9 Mayıs 2011 Pazartesi

napıyoruz biz?

          güzel bir dünyada yaşamadığımız kesin. ne idüğü belirsiz zamanlardayız. sonunda ne zaferler var ne de malubiyetler. ne mutluluk ne hüzün. artık hiçbir şeye tam olarak sevinmiyor ve üzülmüyoruz. ilginçtir ki yaşanmış hazin bir olayı medya yoluyla öğrenip hüzünlendikten yalnızca 2 dakika sonra katılarak gülüyoruz. 5 dakika sonra da neye gülüp neye ağladığımızı hatırlamıyoruz bile. biz yavaş zamanın hızlı canlıları olduğumuzu düşünsek de, aslında hızlı zamanların sürüngenleriyiz. zamanı kontrol etmek bir yana, onu elimizde bile tutamıyoruz. geliyor, geçiyor, gidiyor... biz ise zamanın izin verdiği kadarını hissediyor, yaşıyoruz.

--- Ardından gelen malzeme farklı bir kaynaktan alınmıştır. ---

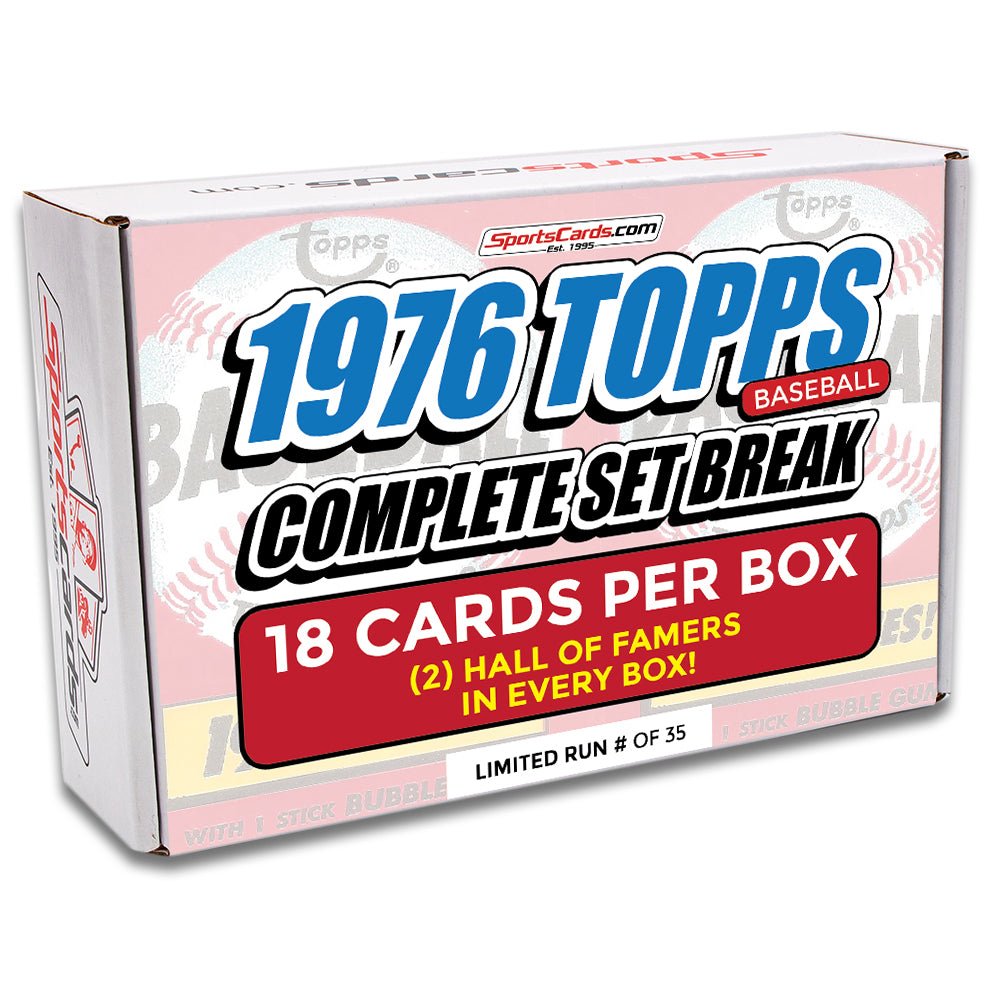 1976 TOPPS BASEBALL COMPLETE SET BREAK – 18 CARDS PER BOX! 2 HOFers IN EACH BOX!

gücü fazla seviyoruz. gücün paradan, ünvandan, çevreden falan geldiğine inanıp saçma sapan işler yapıyoruz. kıçımız sağlam kalsa da biz, ruhumuzu satışa çıkarıyoruz. birileri bağırıyor susuyoruz. sonra konuşup duruyoruz. bağırana her şeyi söylüyoruz ama duyamayacağı şekilde. ve tek bir şeyi söylemekten ölesiye korkuyoruz : ''bağırma''.
          sesler duyuyoruz. yaşamın sesleri, ritmi. sonra içimizden bir şarkı tutturup yaşamın ritmiyle onu çalıyoruz. yeri geliyor bir otomobil lastiğinin hızlıca tümsekten geçerken çıkardığı ses; bizim kafamızda binlerce kişiyi sıçratan bir davul darbesi oluyor. işte biz hayatı da böyle yaşıyoruz. aslında yaşamın bizden bağımsız aktığını bildiğimiz halde tüm yaşamı kendimize göre düşünüp, kafamızda hayat bizim içinmiş gibi bir ritme oturtuyoruz. işte ölüme bu yüzden ''sessizlik'' diyoruz.
          kadınları seviyoruz. ağzımıza sıçsalar da seviyoruz onları. ne istediğini bilmiyor bazıları ve bazılarıysa bilmemekten keyif alıyor. daha güzelleri olduğunu biliyoruz ama biz yine de onlara ''kimseyi görmedim ben senden daha güzel'' diyoruz. yani hayatın ritmini kendimize yontuyoruz.
          her gece güneşi çekiyoruz kendimize ve her sabah küfrediyoruz olan bitene. yazın en sıcak anında çocukça oyunlar oynuyoruz. terli ve bitkin elimizde su şişesi akşama doğru annemizin sesiyle oyundan dönmüşçesine eve giriyoruz. kimimiz duşunu alıyor, güzelce giyinip temmuz akşamı loşluğunda deniz sefası yapıyor, kimimiz ise buz gibi suları içip hasta oluyor. işte biz insanlar aslen böyle ayrılıyoruz. anı yaşayanlar ve sonraya bakanlar.
          en kötüsü var bir de... geçmişte kalanlar... onlar o dehlizden ancak kafkasque bir labirentten geçerek çıkarlar ve çıktıklarında asla o girdikleri kişi olamazlar.
          güzel zamanları bir kenara koyup, kendimize suni uğraşlar buluyor, sonra da onlara inanıp ona göre davranıyoruz. aynı uyusak bile ayrı uyanıyoruz, iki soluk arasında bile aynı kalamıyoruz.
sabah uyandığımızda tenimize dokunan teni düşünüyoruz ama tenimizin içindeki ruh her an ucuzluyor, biz bunu farketmiyoruz.